Tuesday, December 09, 2008

On Liturgy

Have I posted this pithy observation already? If so, it bears repeating; that is, until I see a long overdue return to sanity in liturgical observance across the country, starting first in Milwaukee.
As a Catholic, I have abandoned hope for the liturgy, which, in the typical American church, is as ugly and as maladroit as if it had been composed by Robert Ingersoll and H.L. Mencken for the purpose of driving people away.

Incidentally, the modern liturgists are doing a remarkably good job, attendance at Catholic Mass on Sunday having dropped sharply in the 10 years since a few well-meaning cretins got hold of the power to vernacularize the Mass, and the money to scour the earth in search of the most unmusical men and women to preside over the translation.

The next liturgical ceremony conducted primarily for my benefit, since I have no plans to be beatified or remarried, will be my own funeral; and it is a source of great consolation to me that, at my funeral, I shall be quite dead, and will not need to listen to the accepted replacement for the noble old Latin liturgy.
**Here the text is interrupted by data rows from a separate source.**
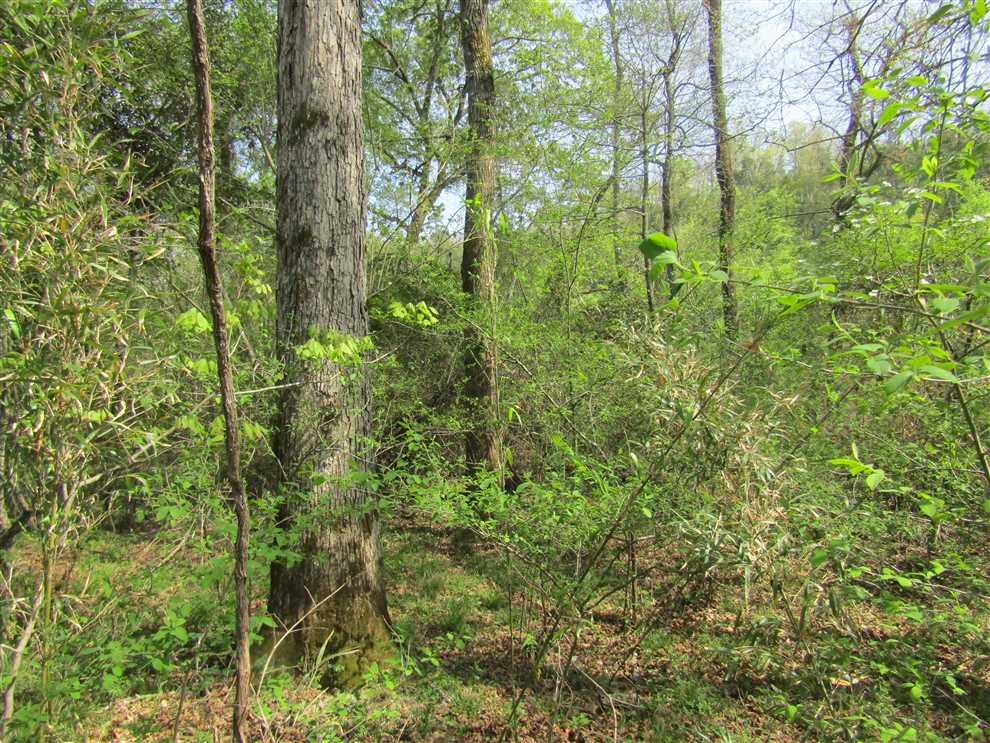 Land for sale to buy in 74549 zip code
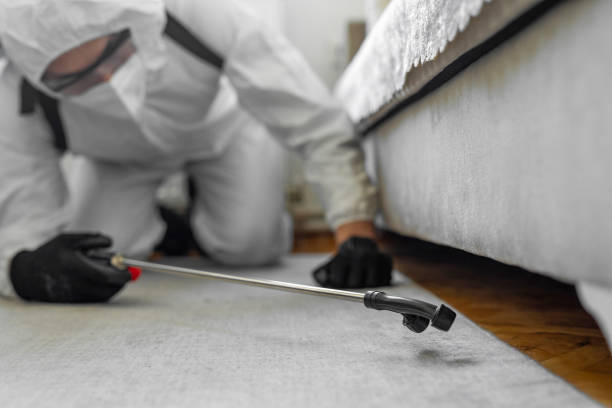 Professional Bed Bug Control technician working in Columbia County County, WI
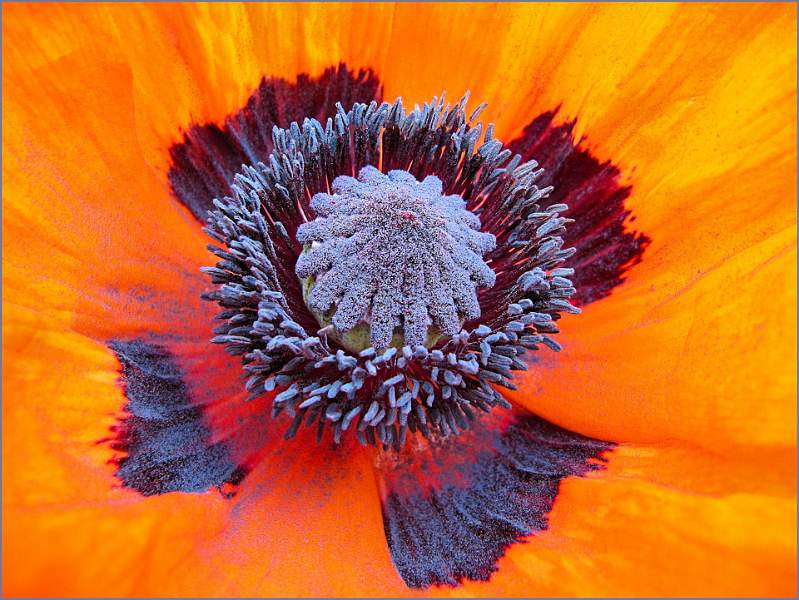 Natures Brush Strokes - Tony Mather.jpg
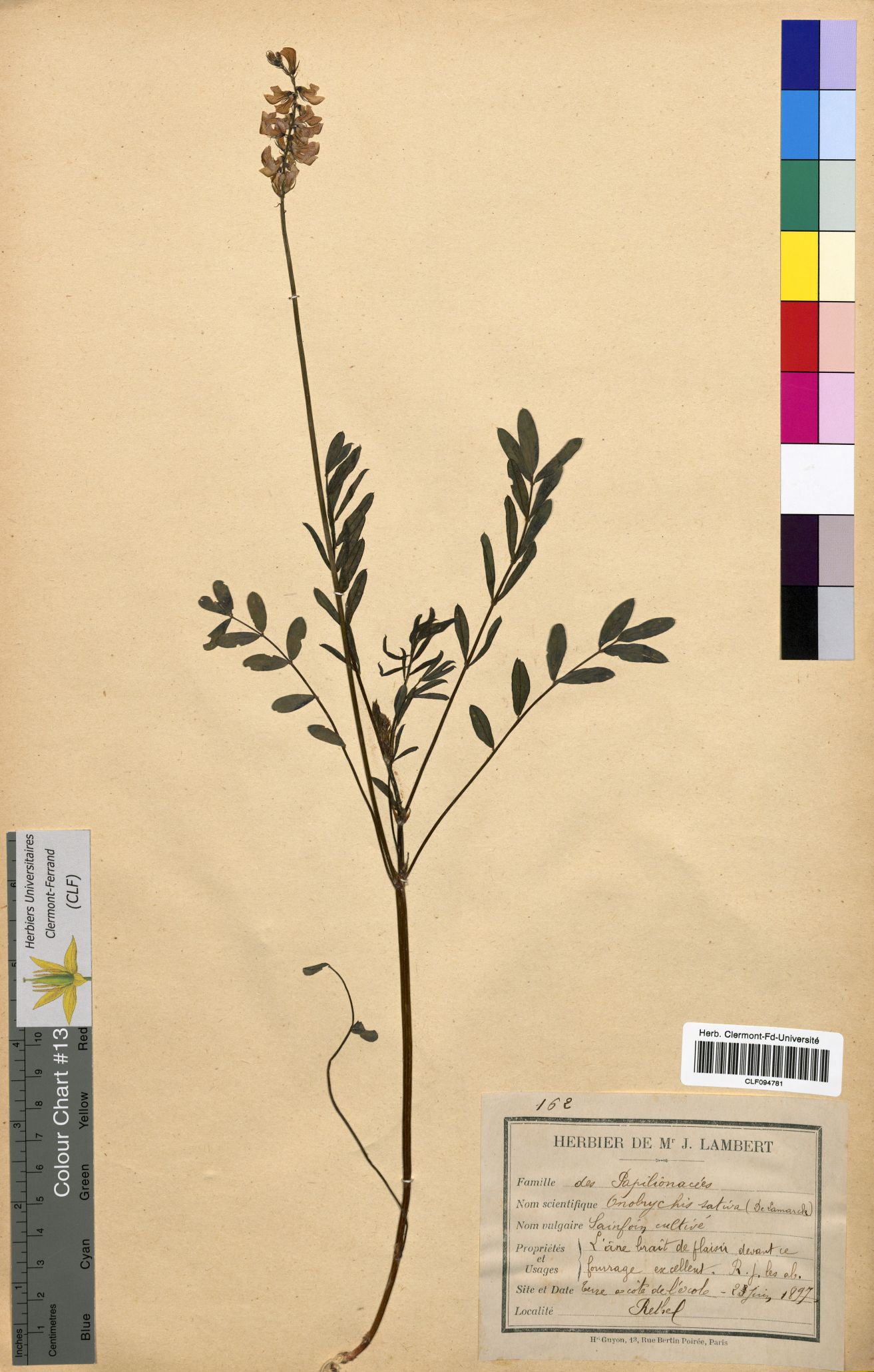 Onobrychis sativa CLF094781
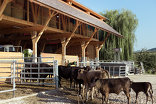 Wagyu-Stall am Hausruck, Foto: Stefan Gruber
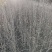 木槿：丛生木槿：丛生木槿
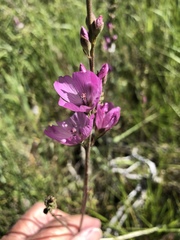 Sidalcea oregana
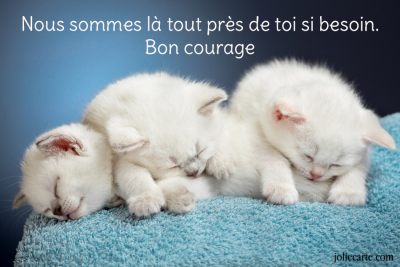 Pour Maria  - Page 2 Courag10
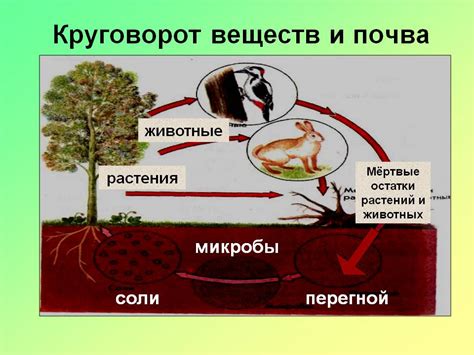 Роль почвы в природе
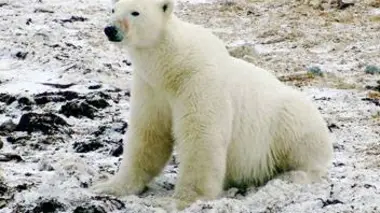 On vous raconte... Sauvons les animaux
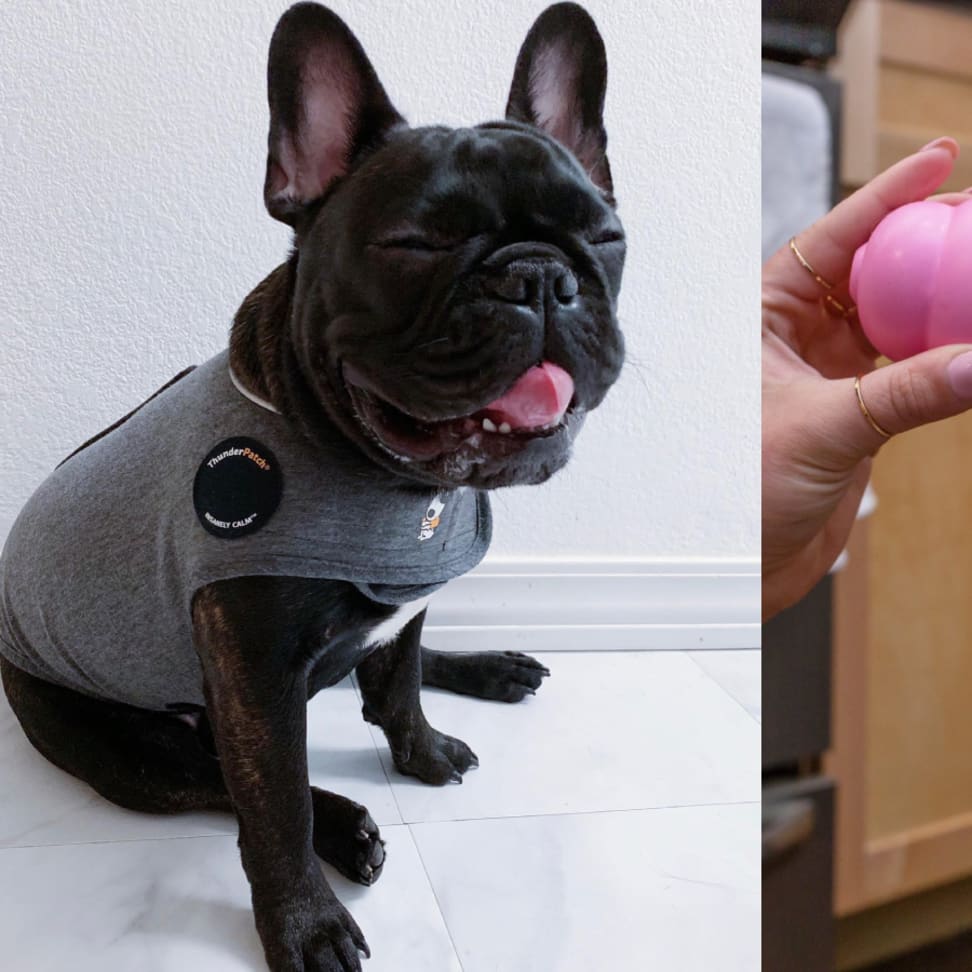 The 15 most popular pet products at Petco Reviewed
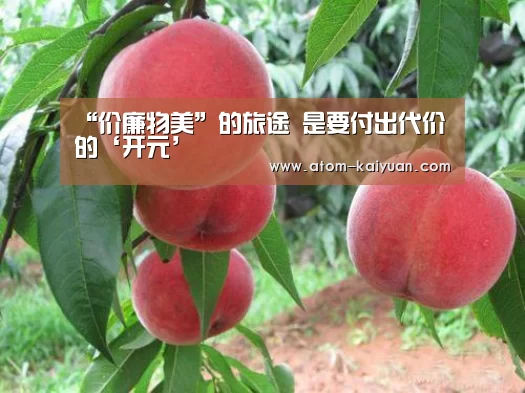 “价廉物美”的旅途 是要付出代价的‘开元’(图3) 开云棋牌网页版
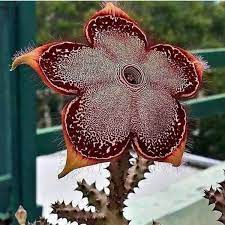 Check spelling or type a new query. Super Rare Edithcolea Grandis Persian Carpet Flower Edithcolea Sordida Flowers Flower Shoot Beautiful Flowers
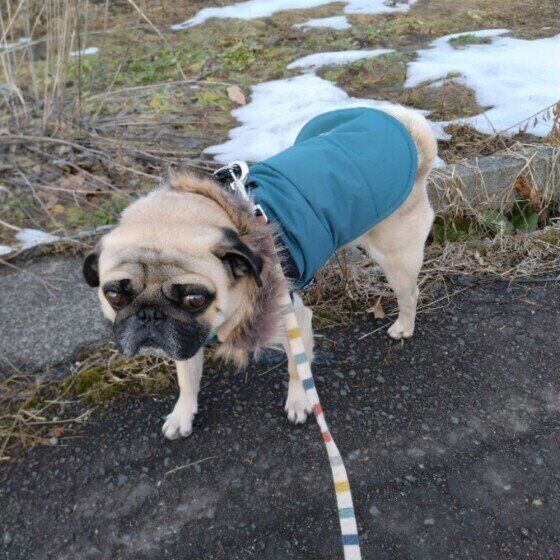 お散歩をするパグのトトくん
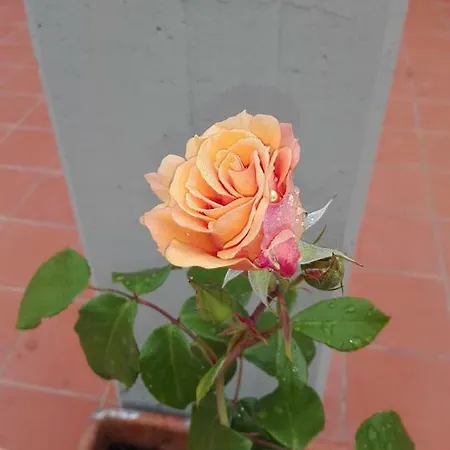 Agriturismo La Casina Rosa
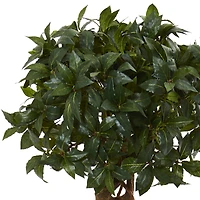 4.5ft. Sweet Bay Double Topiary Tree in Black Planter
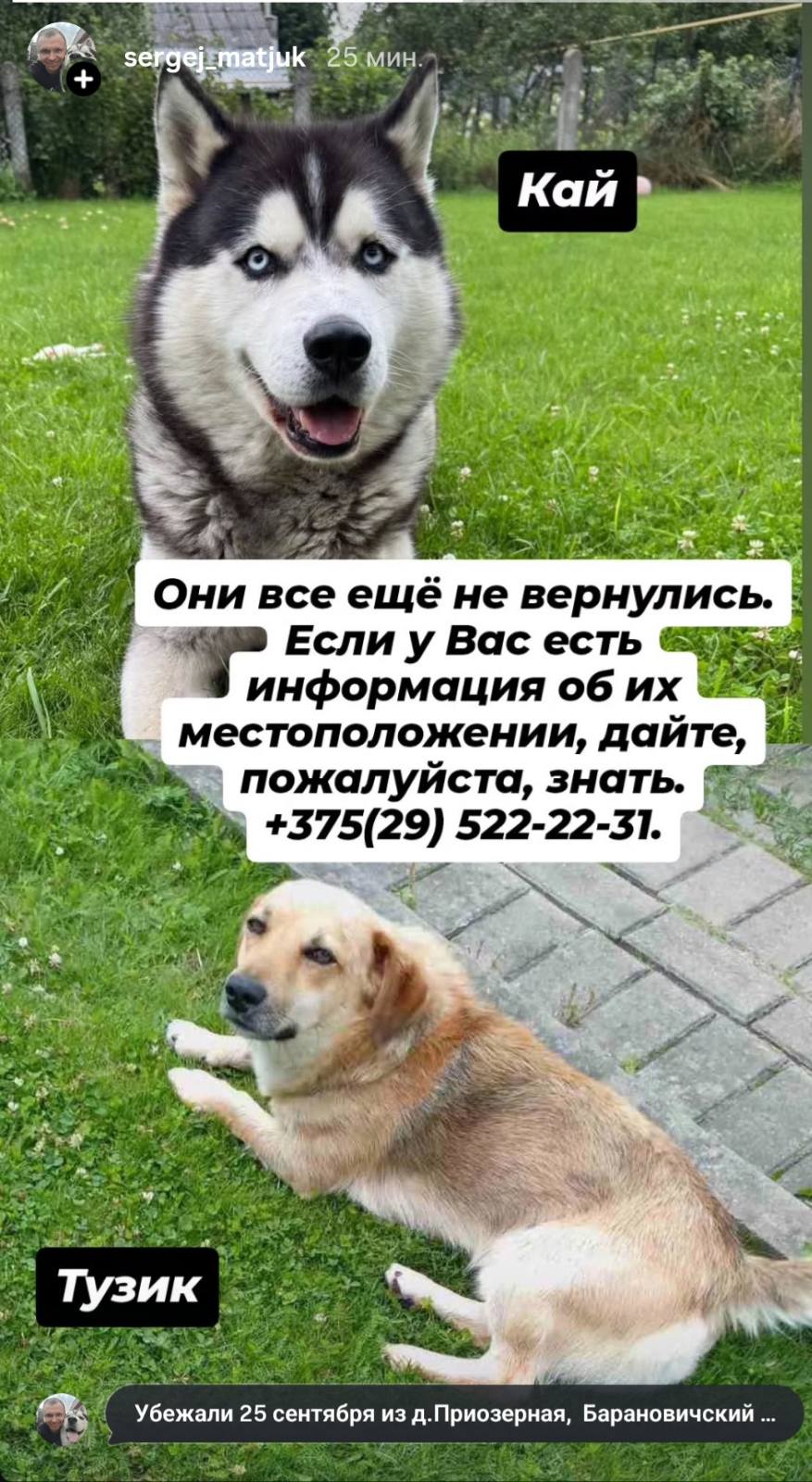 Пропала собака в Барановичах — фото объявления
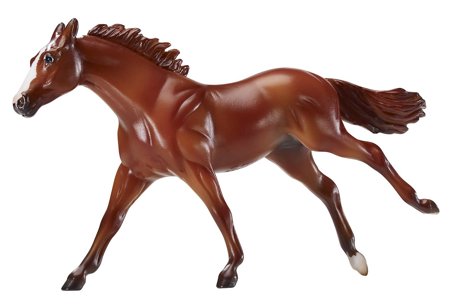 Justify stablemate Thoroughbred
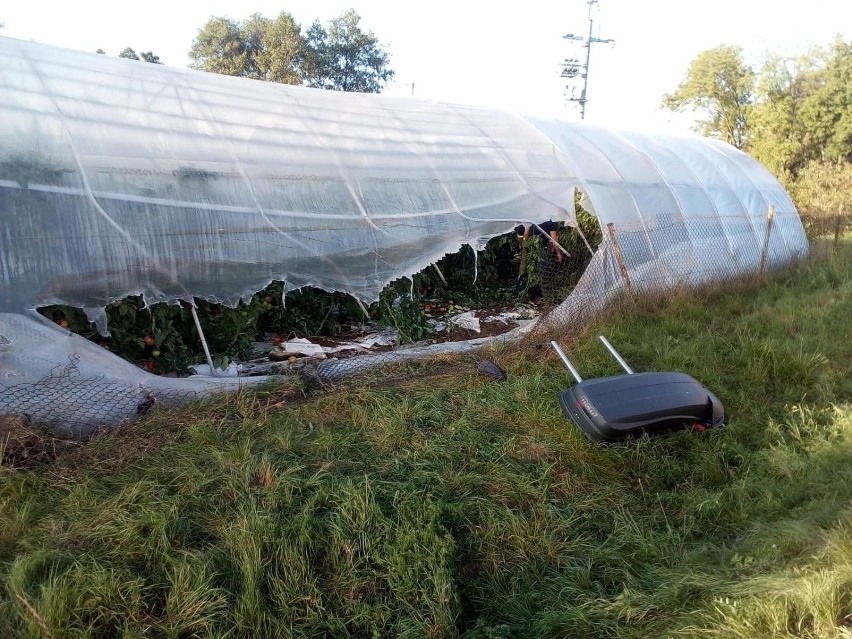 Samochód osobowy, poruszający się Drogą Krajową 55 w...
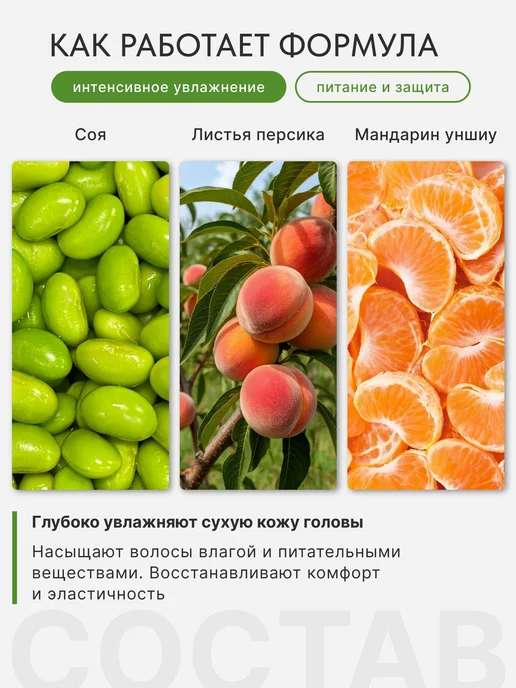 Шампунь и кондиционер SCALPD Organic DRY 2x350 мл, для сухой, 2x350, 350 мл, фото 5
Meanwhile, I am practicing Yoga, so that, at church on Sundays, I can develop the power to tune out everything I hear, while attempting, athwart the general calisthenics, to commune with my Maker, and ask Him first to forgive me my own sins, and implore him, second, not to forgive the people who ruined the Mass
. -William F. Buckley Jr.

Here's to the extraordinary form of the Mass! Given what one is most likely to come upon at a typical American parish, with the de rigueur Sesame Street variety of Catholicism, who can blame individuals like the late WFB for having jilted commonplace liturgies in preference for the timeless liturgy of our ancestors, offered in Latin?